I’d driven by the property while it was under construction for a couple of years, always wondering whether the promise of a links-style course in rural Southern Ontario would actually measure up to the concept. After all, in golf speak the phrase “links,” is largely marketing speak for a property with no trees. It is like saying you’re playing a “championship course,” whatever that means.
Most of these so-called links courses have nothing to do with the seaside courses found in the tiny towns in Scotland, Ireland, England or Wales.
Who knew Tarandowah would live up to the billing? The first round I played at Tarandowah was only nine holes, over the back nine if I recall.

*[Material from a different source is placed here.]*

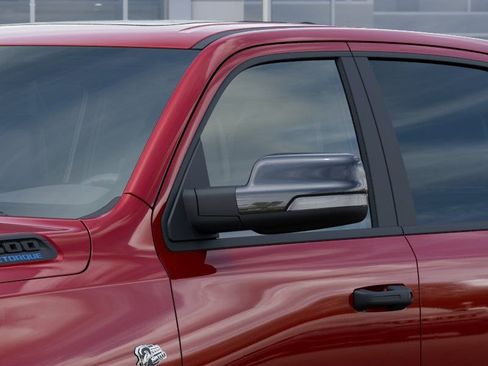 New 2026 RAM 1500 4x4 Crew Cab image 12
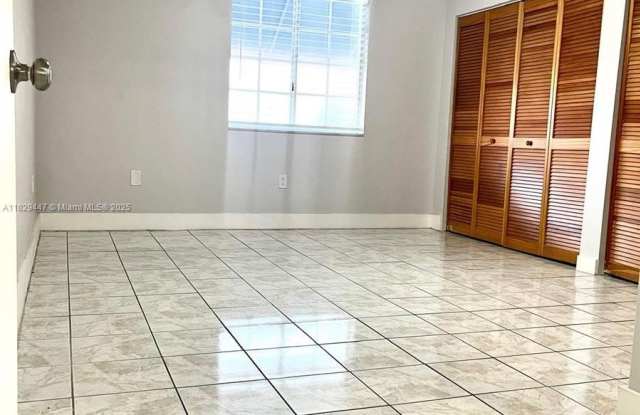 3264 W 70th St photos photos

The bunkers didn’t have any sand in them. It was rugged, rustic golf. And I was fascinated.
“Tarandowah,” I wrote in 2006, “is a pretty faithful replication of a heathland course that could be found in the interior of the British Isles. And finally, after several years of struggles, and teasing golfers with its possibilities, Tarandowah seems poised to deliver one of the more intriguing golfing experiences in Southern Ontario.”

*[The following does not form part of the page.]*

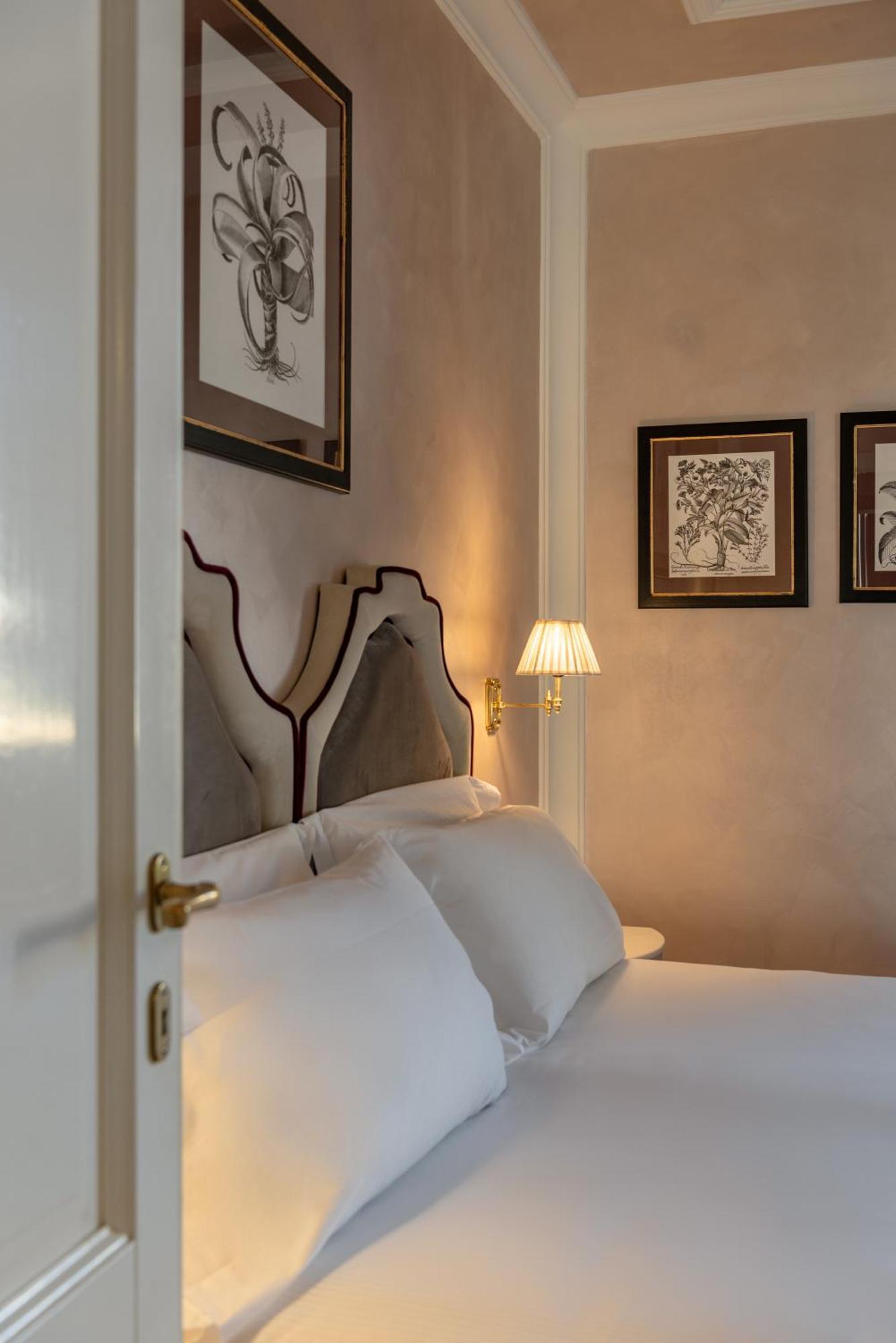 Residenza Gambrinus Bed & Breakfast Firenze Bagian luar foto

Actually, the one thing I’d revise from that, a decade later, is that I’d say the course has become one of the more intriguing golfing experiences in Canada.
So much could have gone wrong with the course, but with the guidance of architect Martin Hawtree, who went on to built a course for Donald Trump in Aberdeen, Scotland, that rocketed up the world top 100, Tarandowah’s design is smart, elegant and charming. Yes, like many links courses, it has its quirky bits. There are the two big par fours—the nasty uphill fifth and the positively beastly 11th—that act as bookends for the front and back nine. And there are pot bunkers in the fairways that are often exactly where the golfer doesn’t want them to be. But the design is a triumph of imagination and ingenuity.

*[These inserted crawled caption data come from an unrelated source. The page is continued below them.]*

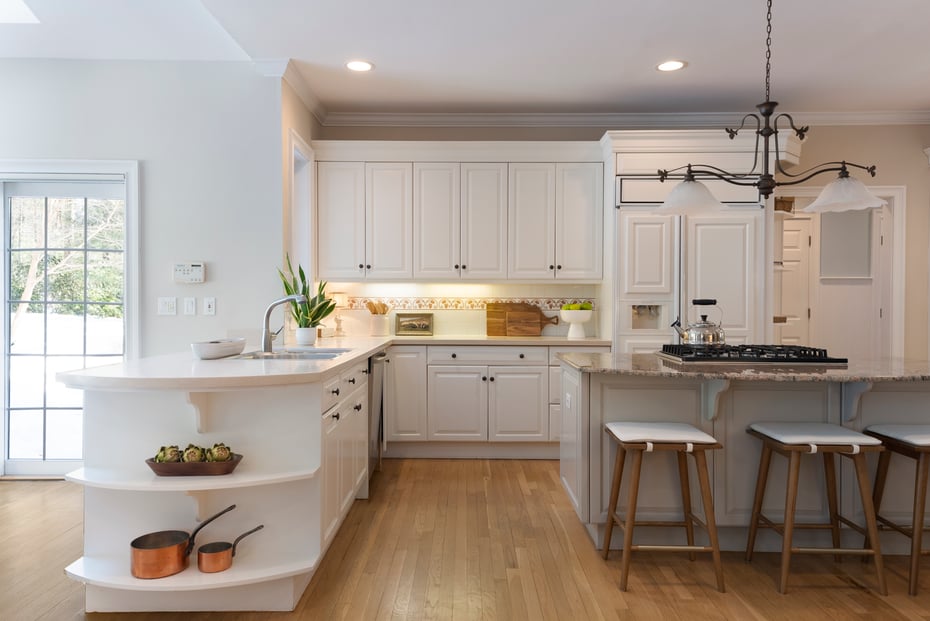 10 Hinchley Wood Photo 14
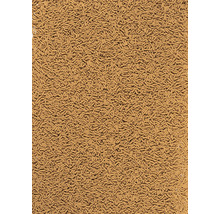 Nahaufnahme von braunem Fischfutter in Form von kleinen, stäbchenförmigen Pellets.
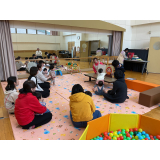 図書館職員さんの読み聞かせ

In the ensuing years since it opened, I’ve played Tarandowah hundreds of times. And when I moved from Toronto to London, I made it my home course. In the past decade it has received plenty of accolades considering it is a relatively modest, public fee course. SCOREGolf had it in its Top 100 in Canada for a spell, and it cracked the Top 59 among public courses listed by the magazine recently.
Tarandowah won a lot of fans along the way. “North Sea, be damned—in a province overrun with links-style courses, Tarandowah is the real deal—a fescue-trimmed, pot-bunker-pockmarked roller-coaster ride that can be an angry, wind-whipped brute even without an ocean at its doorstep,” wrote golf scribe James McCarten, a friend who judges golf the way others determine fine wine.
This summer, with the British Open approaching across the ocean, Tarandowah looks more like a baked Scottish links than ever before. The fairways are marbled brown and green, with the fescue wispy and brown. You often have to hit one less club into the greens, as the firm fairways have a fair bit of bounce to them.
And every time I hit an approach that lands short of the green and bounds forward, I can’t help but smile and think this is golf as it was meant to be.